As senior attorney with the National Resources Defense Council, chief prosecuting attorney for the Hudson Riverkeeper and president of the Waterkeeper Alliance, Robert F. Kennedy Jr. has filed more than 400 lawsuits against alleged polluters and even gone to jail for the environmental cause.

So when the Kennedy scion became a partner of VantagePoint Venture Partners, a venture capital firm that invests in “clean technology,” earlier this year, it was another sign that “green” is coming of age commercially. The Silicon Valley–based firm, which also targets information technology, health care and Asia, has invested about 22 percent of its $4.5 billion in committed capital in such clean-tech enterprises as generators of solar and wind power.

“We are shifting a multitrillion-­dollar energy industry away from entrenched, inefficient incumbents while advancing America’s environmental, economic and national security interests,” an enthusiastic Kennedy, 55, tells II Senior Writer Frances Denmark. “Private capital markets are already demonstrating a deep appreciation of the transformative value of green tech.”

1. When will we see viable green investment opportunities?
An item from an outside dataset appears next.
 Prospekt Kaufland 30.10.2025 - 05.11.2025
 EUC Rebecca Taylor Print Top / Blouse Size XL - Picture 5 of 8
They already exist. Government investments in green tech are far more akin to seed capital than subsidies. This is in stark contrast to the coal, oil and nuclear industries, which falsely claim to be cheap while externalizing their costs and annually collecting billions in direct and indirect government subsidies. Government investment in green tech will eventually be unnecessary — the private capital markets are already demonstrating a deep appreciation of the transformative value of green tech. Meanwhile, President Obama has already promised to get rid of the $35 billion in direct oil subsidies. Within five to ten years, a green revolution is going to overthrow the incumbents.

2. What will it take to get this revolution started?

It has started. Last year, for the first time, wind industry employ­ment surpassed that of the coal industry. Wind also accounted for 42 percent of all new electricity generation last year.

3. Won’t building new infra­structure to support renewable energy be expensive?

The status quo is far more costly. The U.S. could build a fully renewable energy system for what we spend every two or three years importing foreign oil. After we build that system, the energy is essentially free forever. In turn that will constitute one of the greatest permanent tax breaks that American businesses and households will ever have known. Even now, VantagePoint’s portfolio company, BrightSource, is constructing the world’s largest solar thermal plant in California. It will be built faster per gigawatt than you can build a coal plant and at less than half the cost of building a nuclear plant.